Des économies qui pourraient être complémentaires

Ces modèles ne sont pas figés. La Chine de Xi Jinping ne parle que de rééquilibrer son économie de l’industrie vers les services, et de la production de masse vers la spécialisation et le haut de gamme. L’Inde de Narendra Modi, a contrario, rêve d’industrialisation.

Son gouvernement réputé pro-business en a fait le pilier de son programme économique à travers la campagne « make in India » : un appel aux investisseurs étrangers à venir s’implanter dans le sous-continent pour profiter à la fois de son immense marché (1,3 milliard d’habitants) et de son faible coût du travail. Mais cette transformation se heurte à plusieurs obstacles parmi lesquels une bureaucratie titanesque et un déficit criant d’infrastructures.

« L’Inde manque d’infrastructures alors que la Chine est surcapacitaire et aurait donc tout intérêt à lui en fournir, fait remarquer Mahamoud Islam, économiste spécialiste de l’Asie chez l’assureur-crédit Euler-Hermes. Ces deux économies jouent sur deux tableaux différents mais elles sont aussi complémentaires et pourraient en profiter. » Ce n’est aujourd’hui guère le cas.

Des initiatives essentiellement symboliques

Le club des Brics peut-il contribuer à changer la donne ? « Il serait remarquable qu’il permette de renforcer l’intégration économique entre les deux voisins qui est aujourd’hui quasi-nulle », note M. di Meglio. L’Inde n’est que le 13e partenaire commercial de la Chine. Laquelle entretient des relations bien plus intenses avec les Etats-Unis, l’Europe, et le reste de l’Asie où elle a atomisé ses chaînes de production.

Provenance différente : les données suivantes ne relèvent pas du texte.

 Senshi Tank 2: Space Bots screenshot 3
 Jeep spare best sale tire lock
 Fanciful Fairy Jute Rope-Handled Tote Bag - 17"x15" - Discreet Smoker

Mais les BRICS ont beau multiplier les messages sur la nécessité d’une coopération accrue, le groupe a jusqu’ici accouché d’initiatives essentiellement symboliques, si ce n’est la création, à l’été 2015, de leur Nouvelle banque de développement. L’essentiel pour ses membres, décrit à l’agence AP Steve Tsang, du China Institute de la SOAS, l’Ecole des études orientales et africaines de l’université de Londres, est de projeter une image de consensus à travers des communiqués finaux volontairement « insipides ».